In an infamous year of discontent, Cricket Australia found itself again reeling on the eve of what is usually a celebrated occasion on the annual calendar, after the small square of sandpaper that caused such controversy in South Africa in 2018 continues to grate at the soul of Australian cricket.
An unprecedented embarrassment at the time, anger exploded again the day before the Adelaide Test courtesy of David Warner’s extraordinary public complaints of his treatment. In an escalating scandal, hours before the second Test against the West Indies began, the batter’s wife Candice accused CA of putting their family “through hell”.
“We’ve lived with this pain, through this pain since 2018,” she told Sydney radio station Triple M. “And it gets to a point where enough is enough. Dave’s statement was very powerful and it has to be. We’ve been through hell. To put our family, also his teammates, through everything again and the disappointing thing for David is this has been dragged out so long.”
Her interjection follows Warner’s decision to withdraw on Wednesday from an independent review into whether CA should lift a lifetime captaincy ban against him. The process began informally in February but only became official when he made an application for a review of the decision, which included character references from Greg Chappell and current Australia captain Pat Cummins, in late November.
But a clash over how an independent review should proceed has sparked a significant crisis in a year where CA has plunged from one controversy to another.
From the messy end to Justin Langer’s tenure as coach to a protracted saga involving the worth of its broadcast deal with the Seven network, from the failed defence of the T20 World Cup to the abysmal crowds at last week’s Perth Test, there have been repeated challenges.
It is said that success papers over the cracks in all teams. While the national side’s form in the traditional format is strong, the latest explosion makes clear the fault lines in Australian cricket stemming from the Newlands Test remain fraught.
In a Test where Steve Smith, punished as a co-offender alongside Warner in Newlands, returns to the captaincy as a stand-in for Pat Cummins, the spotlight is again squarely on the Australian team.

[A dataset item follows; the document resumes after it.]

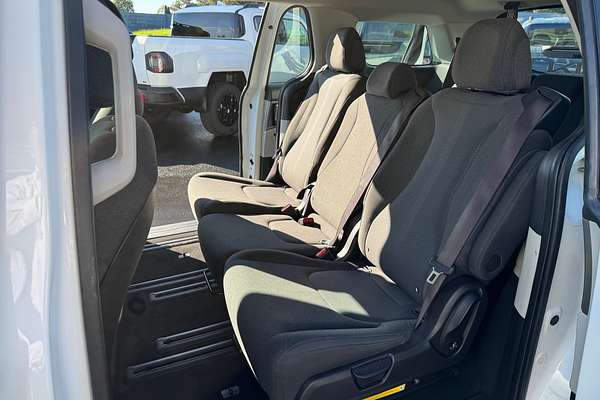 2022 Kia Carnival S KA4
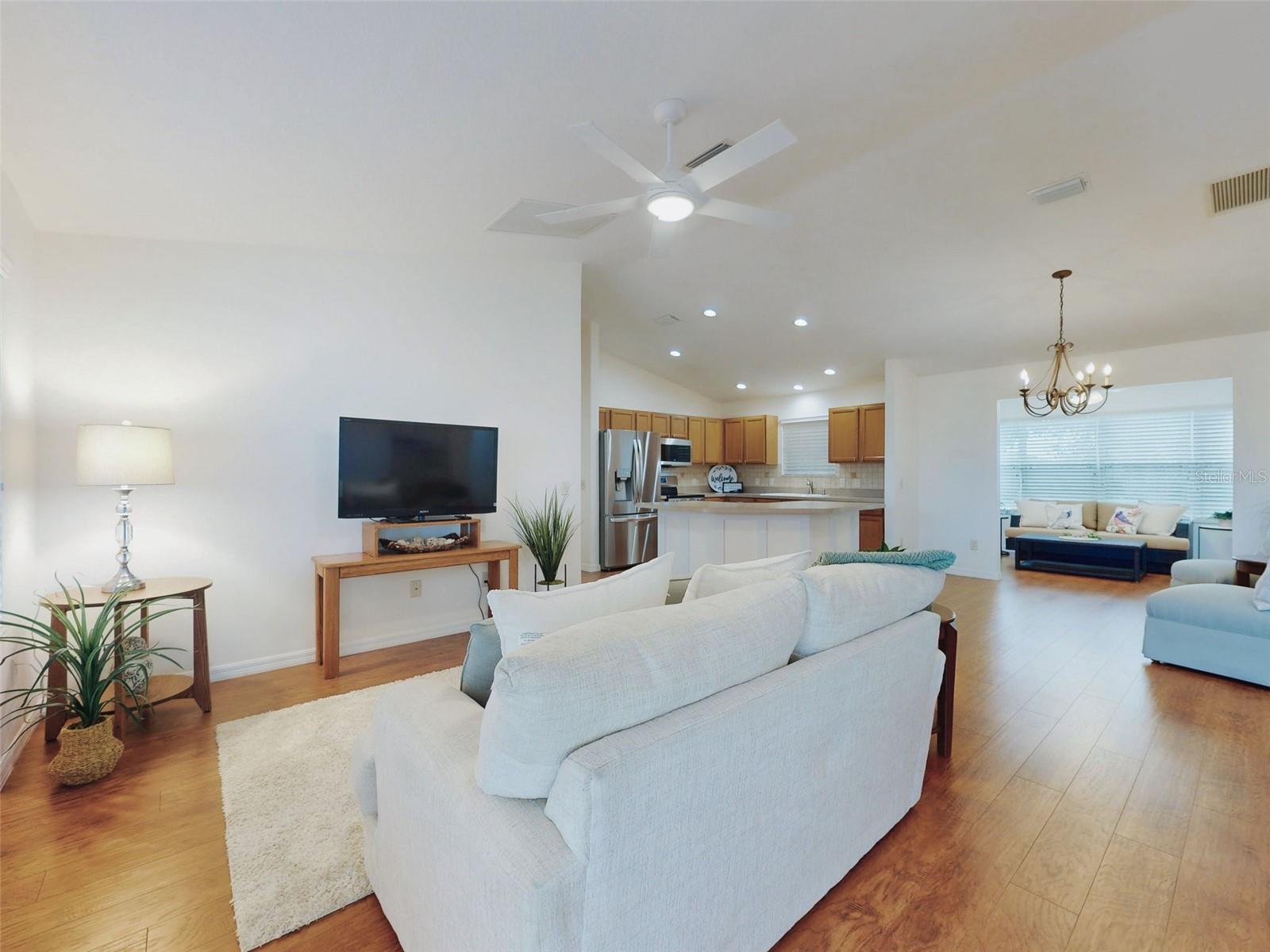 1521 HOLLYBERRY PL, THE VILLAGES, FL, 32162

Both Warner and his wife have said his decision to withdraw is in part due to a desire to shield his teammates from further cross-examination. But having made clear his anger so publicly, Warner will bat with and field alongside teammates who have repeatedly made clear their angst at being associated with the scandal.
Just 18 months ago the Australian bowling attack of Cummins, Mitchell Starc, Josh Hazlewood and Nathan Lyon issued a statement to the “Australian public” stating they knew nothing about the use of sandpaper until they saw images on the big screen in Newlands.
Declaring they “pride themselves on their honesty”, they said they were disappointed their integrity was in question and “felt compelled to put the key facts on the record again”. Tasked with bowling the West Indies out twice over the next five days, and then backing up against South Africa for three Tests in a short window, they must feel dismayed yet again.
Irrespective of who is at fault for sparking the latest explosion, the body language of the Australian team will be scrutinised at length over the coming days at Adelaide Oval.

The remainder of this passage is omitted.